Nel corso degli anni 60, Lamborghini Trattori si distinse anche per l’introduzione di soluzioni tecniche all'avanguardia, come il cambio sincronizzato di serie, e per l’ampliamento della propria gamma di prodotti, contribuendo alla sua affermazione nel panorama industriale italiano. Nel 2006, gran parte dello stabilimento originario fu demolito[3]. La Cupola fu l’unico edificio preservato, in quanto ritenuto di valore storico e architettonico. È stata successivamente restaurata e oggi costituisce una testimonianza significativa della storia industriale del territorio[4]. Dichiarato edificio di interesse per la comunità.

 

Cosa ha fatto qui, Ferruccio Lamborghini:
Produzione e modelli storici

Presso lo stabilimento di Pieve di Cento furono prodotti tutti i modelli di trattori Lamborghini fino ai primi anni Settanta. Tra questi si annoverano:

  • I modelli storici DL e serie R/D della prima produzione, i modelli R 226 (1967–1969): il trattore bicilindrico a raffreddamento a liquido di cui furono realizzati circa 205 esemplari.

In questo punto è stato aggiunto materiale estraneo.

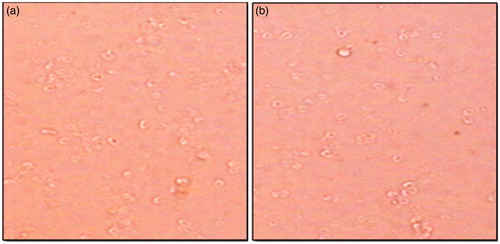 Figure 9. Hemocompatibility study (a) control untreated RBCs, (b) polymeric stent treated with RBCs.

  • R6110DT: prototipo del primo trattore Lamborghini con motore a sei cilindri. Fu presentato nel 1970 e ne furono prodotti tre prototipi (due 2RM e un DT); l’esemplare DT è l’unico sopravvissuto. Non fu mai avviata la produzione in serie.

  • A partire dalla fine degli anni Sessanta, i trattori Lamborghini si caratterizzarono per una nuova livrea in bianco e blu, introdotta con il modello R 226. Tale colorazione divenne uno degli elementi distintivi del marchio, insieme alla scritta “Lamborghini” sui lati e frontalmente e al celebre logo del toro sul cofano. Nei modelli successivi comparvero anche bandiere blu e azzurre, simbolo del raffreddamento a liquido dei motori.